Perante a escalada militar, a UE aprova, numa decisão inédita na história da instituição, um pacote de 450 milhões de euros para financiar o fornecimento de armas à Ucrânia. Paralelamente, governos europeus e os EUA decidem enviar armamento para as forças armadas da resistência.
A guerra na Ucrânia ampliou uma corrida às armas, que teve na Alemanha (anunciou um reforço de 100 mil milhões na aquisição de equipamento militar) o maior exemplo.
Dia 7 - 2 de março
Economia bombardeada
Os bombardeamentos não cessam. Mariupol, no Sudoeste da Ucrânia, fica destruída; Kherson, cidade com 300 mil habitantes a Noroeste da Crimeia, passa a ser controlada pelos russos e Odessa fica na mira dos invasores.
As consequências da guerra começam a afetar a economia mundial, com o valor da moeda russa, o rublo, a cair 20%. Assiste-se ao êxodo em massa e sem precedentes de empresas estrangeiras na Rússia, com a Apple, Google, Ford ou Harley-Davidson a interromperem os seus negócios na terra de Putin. Mercedes, Volvo, BP e Shell também abandonam as suas atividades comerciais naquele país e, entre outros, Visa e Mastercard bloquearam bancos russos das suas redes.

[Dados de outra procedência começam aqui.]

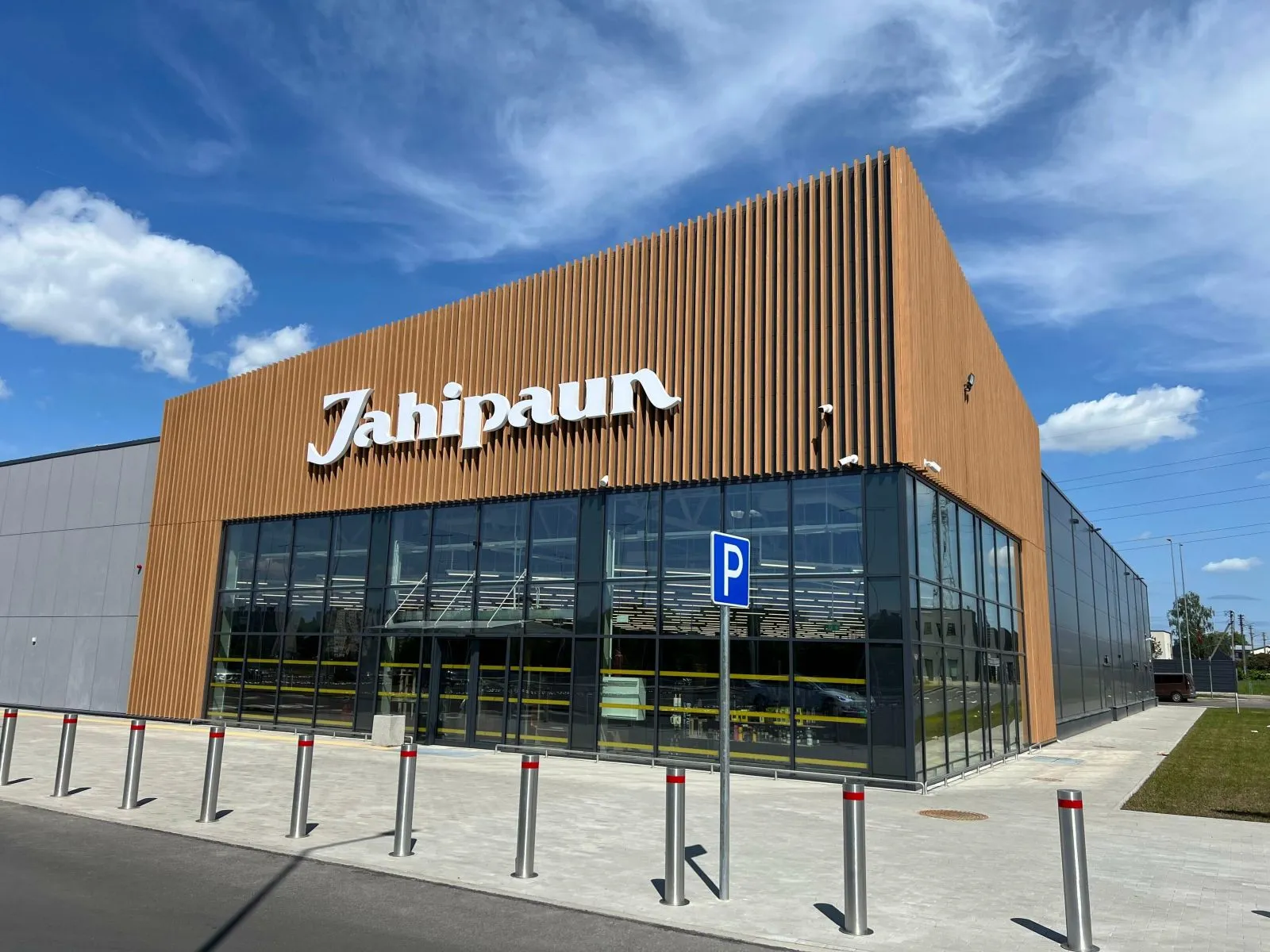 „Jahipaun“ parduotuvė / Organizatorių nuotr.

Portugal não escapa à subida de preços causada pelo conflito. O preço do milho triplicou e prevê-se que a gasolina aumente, de uma só vez, 10 cêntimos e o gasóleo 16 cêntimos.
Dia 8 - 3 de março
Crimes de guerra investigados
Enquanto as partes voltavam à mesa das negociações, o Tribunal Penal Internacional envia para a Ucrânia uma equipa especializada para investigar suspeitas de crimes de guerra, contra a humanidade e atos de genocídio.
Em causa estão bombardeamentos de civis e o uso de armas de destruição massiva como as bombas termobáricas ou de vácuo. Apelidado de "mãe de todas as bombas", este armamento é capaz de vaporizar um corpo humano e está proibido pela Convenção de Genebra.
Dia 9 - 4 de março
Mais de um milhão de refugiados
Após manifestações ocorridas em várias cidades europeias, também os russos começam a contestar a intervenção militar na Ucrânia. Personalidades, famosos e até oligarcas que ajudaram Putin a chegar ao poder mostraram-se contra uma guerra que já obrigou mais de um milhão de pessoas a abandonar a Ucrânia.
A maioria fugiu a pé e enfrentando temperaturas negativas e longas filas de espera, pelas fronteiras da Polónia. Outros optam pela Eslováquia, Hungria, Moldávia ou pela Roménia. Foi por este país que fugiram os primeiros portugueses forçados a abandonar Kiev.
Dia 10 - 5 de março
Mortes aumentam diariamente
A contagem não pára, mas já é dramática. Desde o início da guerra, morreram 351 civis e 707 ficaram feridos. Muitos são crianças. Os números revelados pela ONU são substancialmente mais baixos do que os anunciados pelas autoridades ucranianos.
A guerra de informação verifica-se também no que diz respeito às vítimas entre os militares. O Ministério da Defesa russo já admitiu a morte de 498 soldados russos e 1597 militares feridos. Um número que difere significativamente do avançado pelo presidente da Ucrânia, que afirmou terem morrido cerca de nove mil militares russos.
Moscovo também avançou que as baixas entre as forças ucranianas ascendem a 2870 mortos e a cerca de 3700 feridos.